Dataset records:
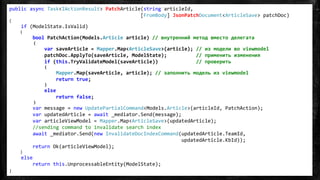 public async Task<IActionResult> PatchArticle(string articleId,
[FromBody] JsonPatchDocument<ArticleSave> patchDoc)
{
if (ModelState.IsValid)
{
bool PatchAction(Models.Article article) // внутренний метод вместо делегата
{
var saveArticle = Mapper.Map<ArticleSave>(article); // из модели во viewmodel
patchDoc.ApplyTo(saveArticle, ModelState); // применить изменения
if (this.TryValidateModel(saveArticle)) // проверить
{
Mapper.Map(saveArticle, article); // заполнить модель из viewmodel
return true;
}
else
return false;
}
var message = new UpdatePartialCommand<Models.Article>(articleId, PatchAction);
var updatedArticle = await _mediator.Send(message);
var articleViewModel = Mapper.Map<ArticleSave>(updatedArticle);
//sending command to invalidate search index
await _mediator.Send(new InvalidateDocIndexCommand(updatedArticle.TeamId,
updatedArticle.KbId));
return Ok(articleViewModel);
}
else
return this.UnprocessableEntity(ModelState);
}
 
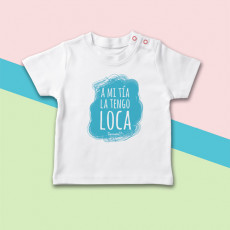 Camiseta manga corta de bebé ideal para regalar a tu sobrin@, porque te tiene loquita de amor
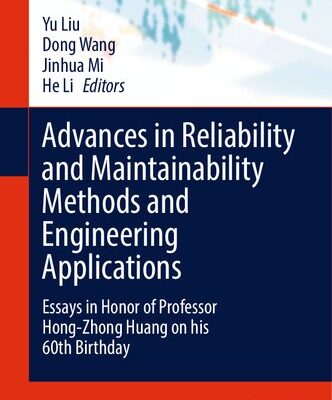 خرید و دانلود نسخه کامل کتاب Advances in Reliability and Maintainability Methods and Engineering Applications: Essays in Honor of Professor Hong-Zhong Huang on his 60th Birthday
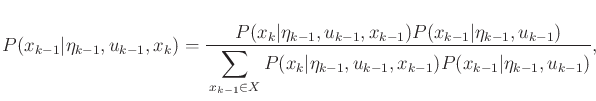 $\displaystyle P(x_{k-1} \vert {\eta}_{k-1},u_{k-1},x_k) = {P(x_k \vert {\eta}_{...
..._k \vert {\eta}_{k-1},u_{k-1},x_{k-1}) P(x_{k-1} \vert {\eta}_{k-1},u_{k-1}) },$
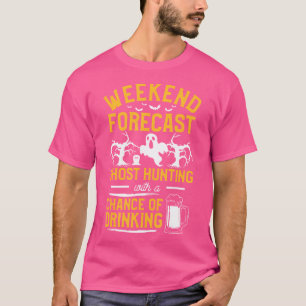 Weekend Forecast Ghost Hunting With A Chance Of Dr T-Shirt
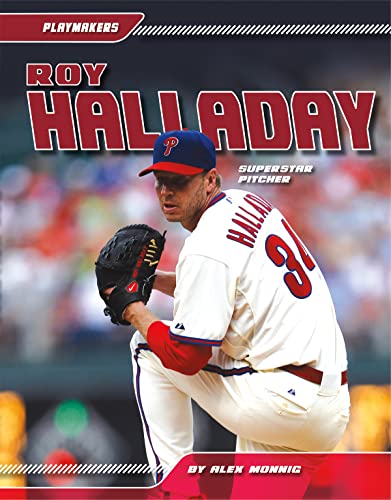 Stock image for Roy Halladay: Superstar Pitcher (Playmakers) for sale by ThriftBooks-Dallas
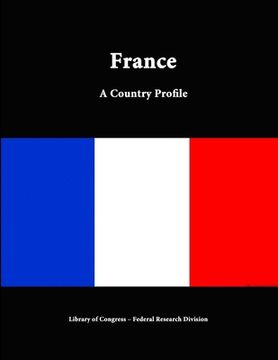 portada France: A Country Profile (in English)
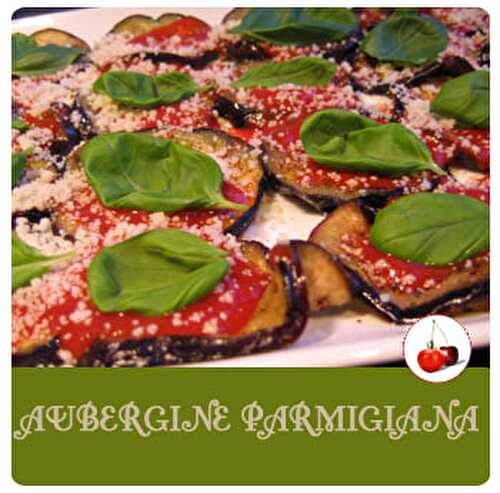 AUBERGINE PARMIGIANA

*Task*
From the first line to the last, print the records exactly; leave out the pictures.

*Task solution*
 public async Task<IActionResult> PatchArticle(string articleId,
[FromBody] JsonPatchDocument<ArticleSave> patchDoc)
{
if (ModelState.IsValid)
{
bool PatchAction(Models.Article article) // внутренний метод вместо делегата
{
var saveArticle = Mapper.Map<ArticleSave>(article); // из модели во viewmodel
patchDoc.ApplyTo(saveArticle, ModelState); // применить изменения
if (this.TryValidateModel(saveArticle)) // проверить
{
Mapper.Map(saveArticle, article); // заполнить модель из viewmodel
return true;
}
else
return false;
}
var message = new UpdatePartialCommand<Models.Article>(articleId, PatchAction);
var updatedArticle = await _mediator.Send(message);
var articleViewModel = Mapper.Map<ArticleSave>(updatedArticle);
//sending command to invalidate search index
await _mediator.Send(new InvalidateDocIndexCommand(updatedArticle.TeamId,
updatedArticle.KbId));
return Ok(articleViewModel);
}
else
return this.UnprocessableEntity(ModelState);
}
 
 Camiseta manga corta de bebé ideal para regalar a tu sobrin@, porque te tiene loquita de amor
 خرید و دانلود نسخه کامل کتاب Advances in Reliability and Maintainability Methods and Engineering Applications: Essays in Honor of Professor Hong-Zhong Huang on his 60th Birthday
 $\displaystyle P(x_{k-1} \vert {\eta}_{k-1},u_{k-1},x_k) = {P(x_k \vert {\eta}_{...
..._k \vert {\eta}_{k-1},u_{k-1},x_{k-1}) P(x_{k-1} \vert {\eta}_{k-1},u_{k-1}) },$
 Weekend Forecast Ghost Hunting With A Chance Of Dr T-Shirt
 Stock image for Roy Halladay: Superstar Pitcher (Playmakers) for sale by ThriftBooks-Dallas
 portada France: A Country Profile (in English)
 AUBERGINE PARMIGIANA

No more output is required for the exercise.